No andamento do processo, foram realizadas oitivas (depoimentos) de acusação e defesa, qualificação e interrogatório dos réus, produção de provas pelas partes, e, por fim, alegações finais do Ministério Público Militar e da Defesa.
A audiência desta quarta-feira no JMU foi conduzida pelo Conselho Especial de Justiça, composto por cinco membros. São eles: a juíza federal substituta da Justiça Militar, Mariana Aquino, que preside a sessão; os juízes militares tenente coronel Sandra Fernandes de Oliveira Monteiro; major Rêmulo Dias de Carvalho; major José Adail da Silva Ferreira; e capitão Fernando Perotti Honori. A escolha dos integrantes do Conselho foi feita por sorteio dentre os militares de posto superior aos acusados.
Defesa alega que andar pelas ruas do Rio é uma “roleta russa”
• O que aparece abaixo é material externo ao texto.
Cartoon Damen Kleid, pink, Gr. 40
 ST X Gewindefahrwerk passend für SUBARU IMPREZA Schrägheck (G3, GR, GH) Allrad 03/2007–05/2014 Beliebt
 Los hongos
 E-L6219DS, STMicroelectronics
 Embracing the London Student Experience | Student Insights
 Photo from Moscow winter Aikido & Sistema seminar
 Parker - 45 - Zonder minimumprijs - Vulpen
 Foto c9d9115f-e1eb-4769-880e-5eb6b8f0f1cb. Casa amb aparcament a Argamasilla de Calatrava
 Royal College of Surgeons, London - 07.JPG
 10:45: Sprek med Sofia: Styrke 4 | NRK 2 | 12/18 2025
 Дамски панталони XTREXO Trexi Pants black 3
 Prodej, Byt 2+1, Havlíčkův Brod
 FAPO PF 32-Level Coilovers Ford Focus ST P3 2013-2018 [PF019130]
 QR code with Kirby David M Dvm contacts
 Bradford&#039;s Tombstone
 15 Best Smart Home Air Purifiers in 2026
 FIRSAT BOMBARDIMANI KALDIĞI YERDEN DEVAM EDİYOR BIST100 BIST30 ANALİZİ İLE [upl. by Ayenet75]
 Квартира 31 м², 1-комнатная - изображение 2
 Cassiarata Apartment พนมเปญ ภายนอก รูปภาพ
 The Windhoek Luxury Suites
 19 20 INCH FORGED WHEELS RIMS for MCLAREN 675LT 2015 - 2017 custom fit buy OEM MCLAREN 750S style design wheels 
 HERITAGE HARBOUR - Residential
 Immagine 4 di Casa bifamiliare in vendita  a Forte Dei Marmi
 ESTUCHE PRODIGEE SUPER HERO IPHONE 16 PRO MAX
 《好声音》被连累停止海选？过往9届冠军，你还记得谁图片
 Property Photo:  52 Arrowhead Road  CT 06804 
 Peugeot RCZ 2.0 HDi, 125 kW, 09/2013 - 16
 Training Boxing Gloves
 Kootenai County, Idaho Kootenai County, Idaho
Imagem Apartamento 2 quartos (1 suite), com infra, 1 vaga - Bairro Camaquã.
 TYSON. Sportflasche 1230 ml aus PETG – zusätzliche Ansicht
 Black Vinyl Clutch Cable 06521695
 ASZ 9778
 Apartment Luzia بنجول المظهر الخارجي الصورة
Na alegações finais do processo entregues à Justiça Militar em março deste ano, a defesa dos militares argumentou que os réus atuaram em “legítima defesa” e que trafegar pelas ruas do Rio, “naquela época e atualmente, são verdadeiras ‘roletas russas’”.
A defesa acrescentou que Evaldo e estava em um “Ford Ka branco, com vidros filmados, pesado pela capacidade total de ocupantes” e que o veículo seria “semelhante ao utilizado pela P2 [serviço reservado da Polícia Militar]”.
Segundo o advogado dos acusados, o músico passou “por todas as barreiras dos traficantes em dia de guerra na favela” e opinou que, “infelizmente, ele [Evaldo] se coloca em risco juntamente com todos os que estão consigo nessa situação”.
O que pede o Ministério Público Militar
O Ministério Público Militar (MPM) pediu à Justiça a condenação de oito dos 12 militares que estão no julgamento.
São eles:
- • Tenente Ítalo da Silva Nunes
- • Sargento Fábio Henrique Souza Braz da Silva
- • Cabo Leonardo Oliveira de Souza,
- • Soldado Gabriel Christian Honorato
- • Soldado Matheus Sant’Anna
- • Soldado Marlon Conceição da Silva
- • Soldado João Lucas da Costa Gonçalo
- • Soldado Gabriel da Silva de Barros Lins
O MPM também pediu a condenação dos oito militares pela tentativa de homicídio do sogro de Evaldo, Sérgio Gonçalves de Araújo.
A promotora Najla Nassif Palma e o procurador de Justiça Militar Luciano Gorrilhas, nas alegações finais explicaram os pedidos:
“Os acusados definitivamente, por prova segura e inconteste dos autos, não estavam em situação de legítima defesa. Os militares apertaram os gatilhos de seus fuzis sem previamente certificarem-se de quem eram as pessoas à sua frente”.
A promotora e o procurador acrescentaram que os militares apertaram os gatilhos “porque desejavam executar as pessoas que estavam dentro do veículo, acreditando que ali se encontravam os criminosos com quem haviam trocado disparos anteriormente”.
No mesmo documento, o MPM pediu a absolvição de outros quatro militares que participaram da ação, mas que afirmaram em depoimento à Justiça que não efetuaram nenhum tiro.
Nas alegações finais, o MPM também pediu a absolvição de todos os 12 denunciados pelo crime de omissão de socorro.